Use 'grep' , 'awk' to extract lines containing keywords.

$grep "tig00000001.gff | grep "Aragorn:1.2" | awk '$7 == "-" {print $0}' > tig00000001_RNA_minus.txt

Example 3

Use with 'sort | uniq -c' to grasp NGS read variation in a fastq file (convenient for amplicon sequencing)

$awk '(NR%4==2){print $0}' subject.fastq | sort | uniq -c > output.txt

BAPS

# preparation of BAPS file.

1. Prepare vcf file. Reorder columns according to source/country of the isolates.

2. Convert modified vcf to BAPS using PGDSpider2. java -Xmx1024m -Xms512m -jar path/to/PGDSpider2.jar. MLST data can be used as input data after adding isolate ID to the last column.

# infering genetic population structure using SNPs, VNTR or MLST data:

1. Launch BAPs by typing ./run_baps6.sh /Applications/MATLAB/MATLAB_Compiler_Runtime/v713 in terminal.

3. Start “clustering of individual” (be aware that isolate number is already given to the last column by PGDSpider2). Define several values of maximum number of cluster, like "5,8,10". This step requires information of population name (=isolation source/country), and the first row number for each population.

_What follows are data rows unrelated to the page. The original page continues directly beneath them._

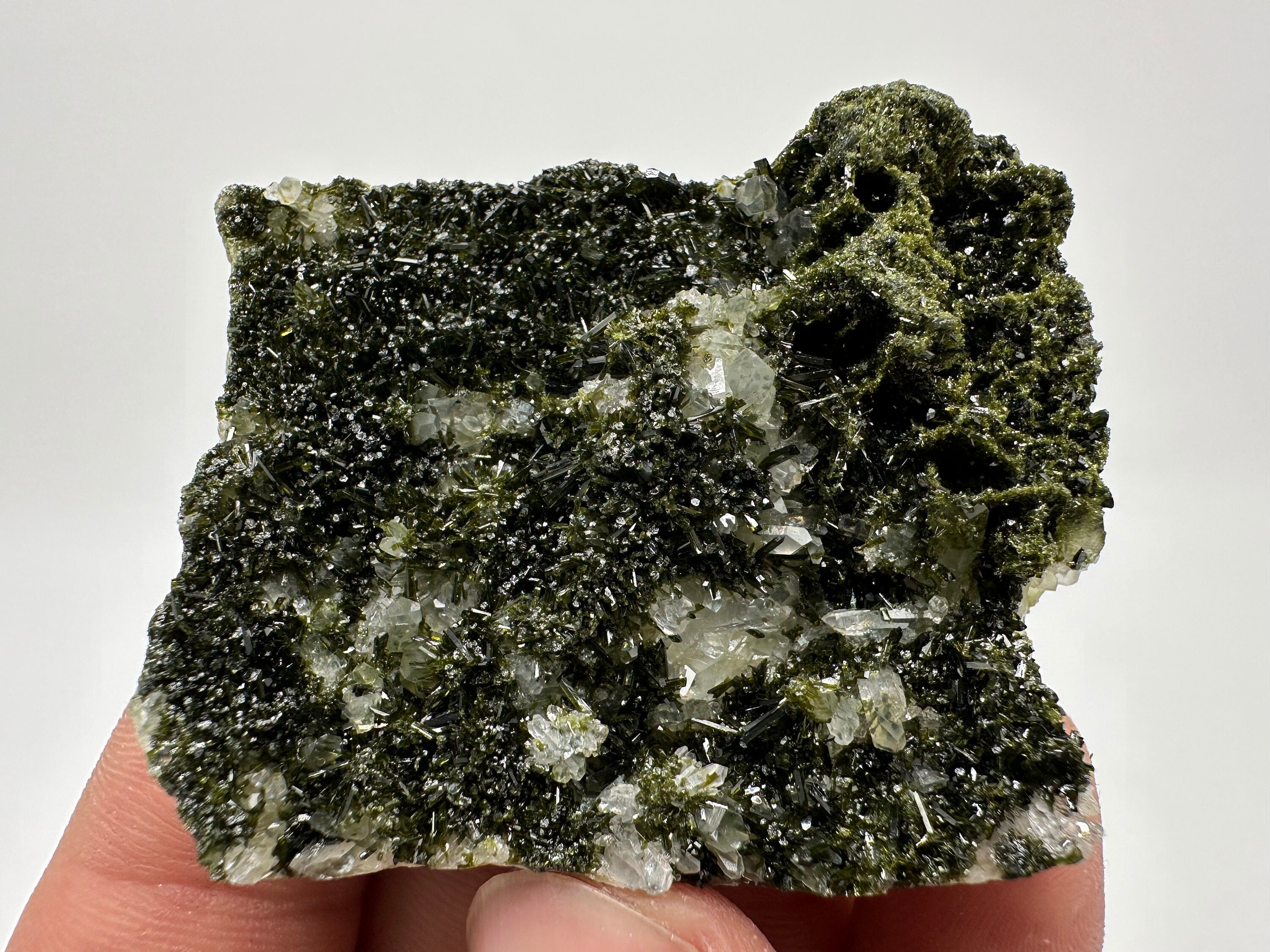 Rare Green Epidote with Quartz Crystals: Eastern Anatolian Decor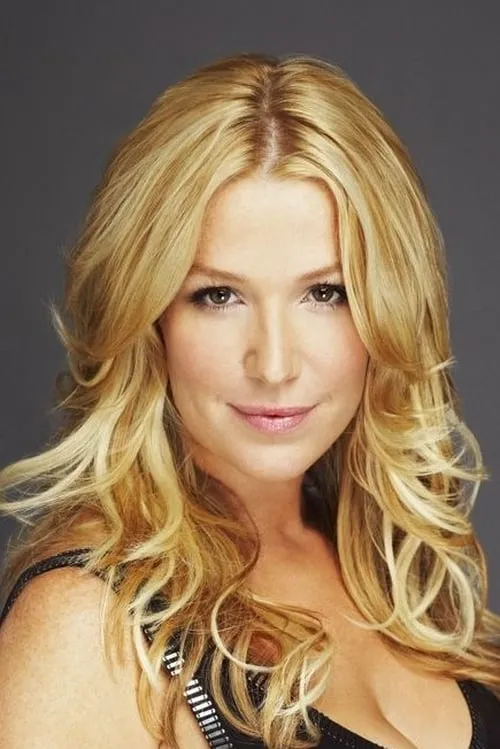 Poppy Montgomery interpretando a Mary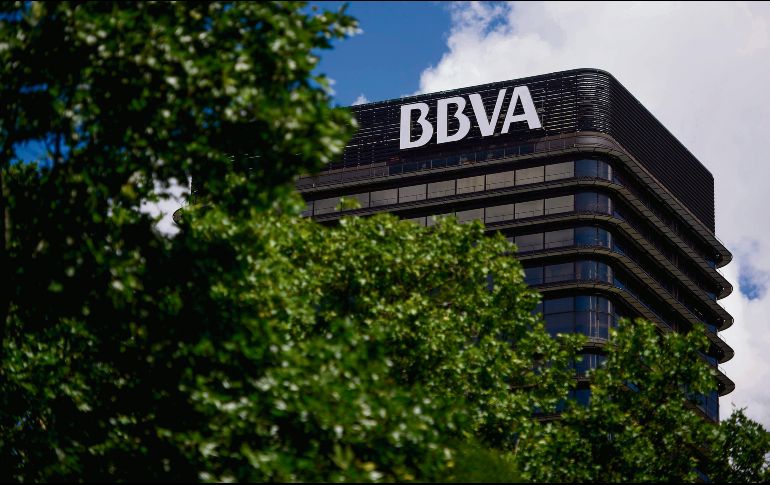 FINANZAS. Tras el acuerdo millonario, el banco fortaleció su capital y apuesta por fusionarse con otra entidad financiera en España. AFP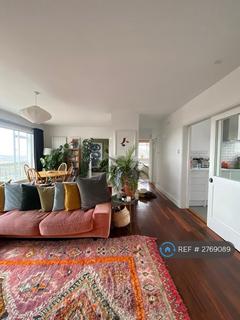 2 bedroom flat to rent, Raleigh Court, London, SE19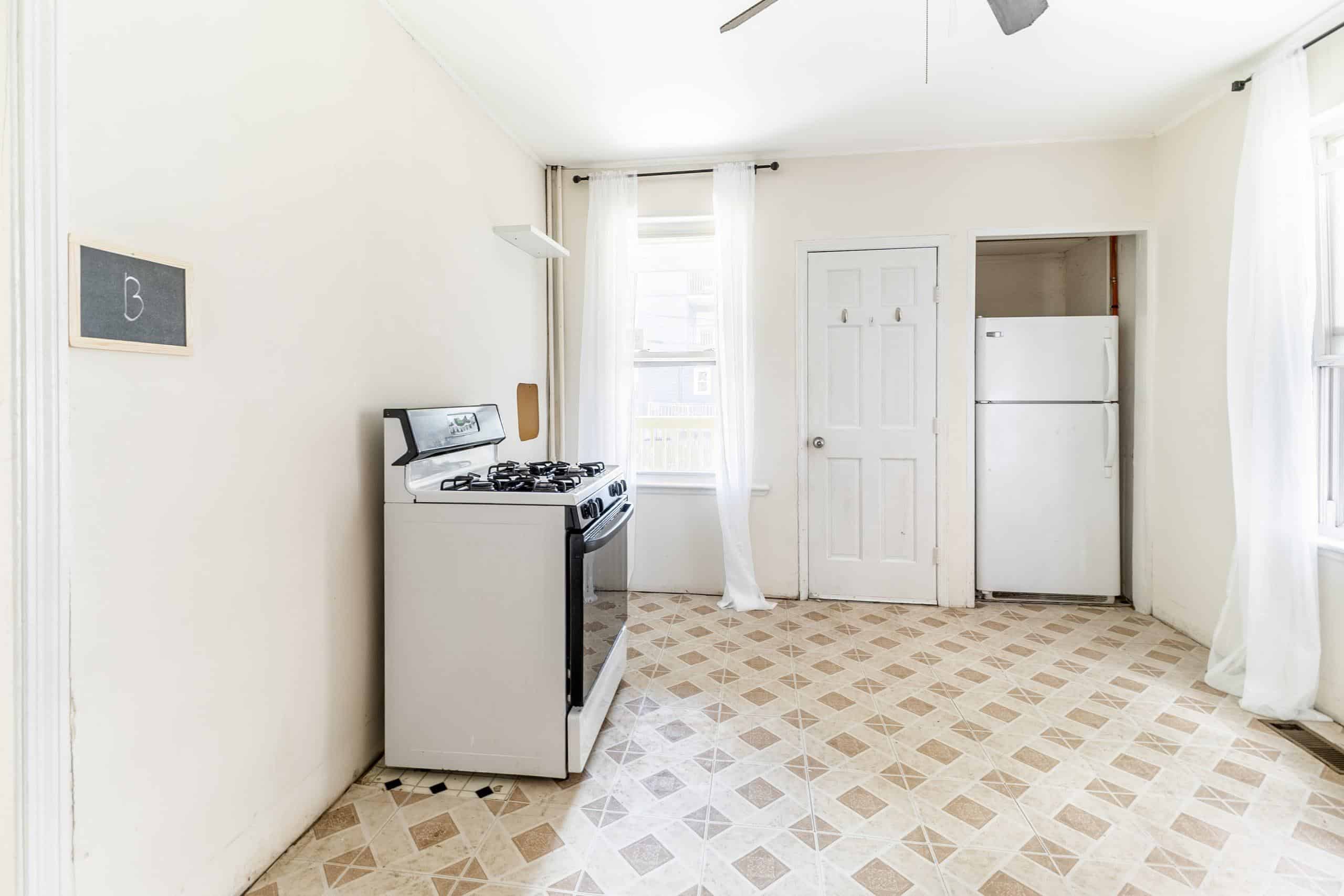 June Homes 02125, Boston image 48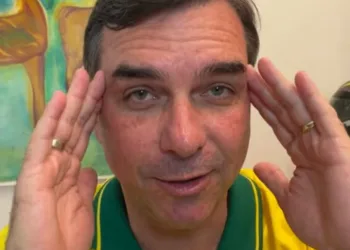 Temor de Busca e Apreensão Contra Flávio Bolsonaro Agita Cenário Político às Vésperas da Eleição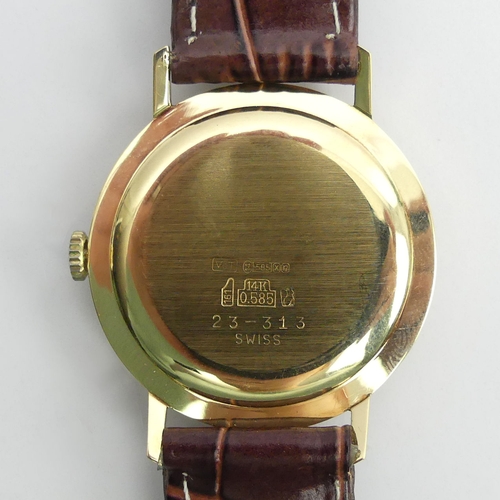 87 - Baume 14ct Gold manual wind Gents watch, 33mm, UK Postage £12 
Condition Report: In good working ord... 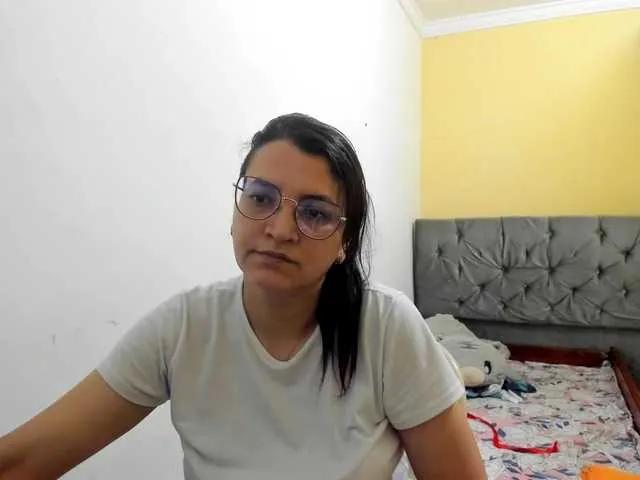 MARILYNG on BongaCams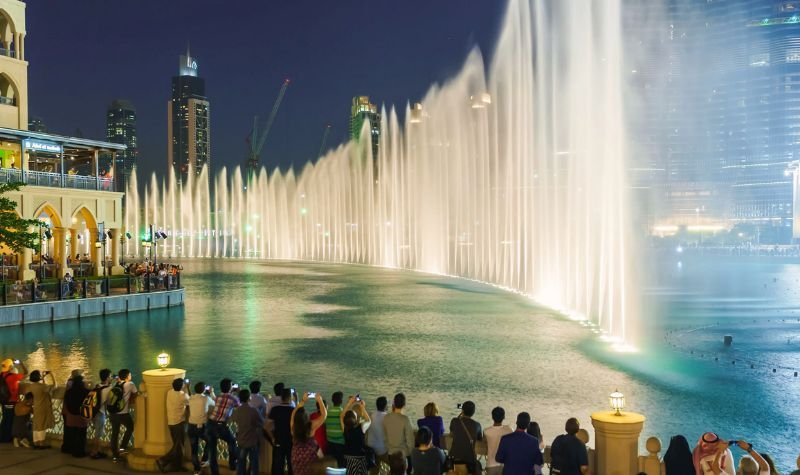 Dubai Fountain - Indoor activities In Dubai For Free Dubai Fountain - Indoor activities In Dubai For Free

4. Save pre-processed data (1 file) and mixture results (2 files).

5. Load BAPS results (.mat) file for admixture analysis. Define cut-off cluster size. “1” takes into account all clusters.

6. Save two result files. The result file (with probability) can be used to generate barplot after reformatting.

BEDTools

Example 1

Calculate read depth over the genome(s) excluding "0" coverage regions.

$ bedtools genomecov -ibam XXXXXX.bam -bg >out.txt

Example 2

Calculate read depth for each base position in the genome.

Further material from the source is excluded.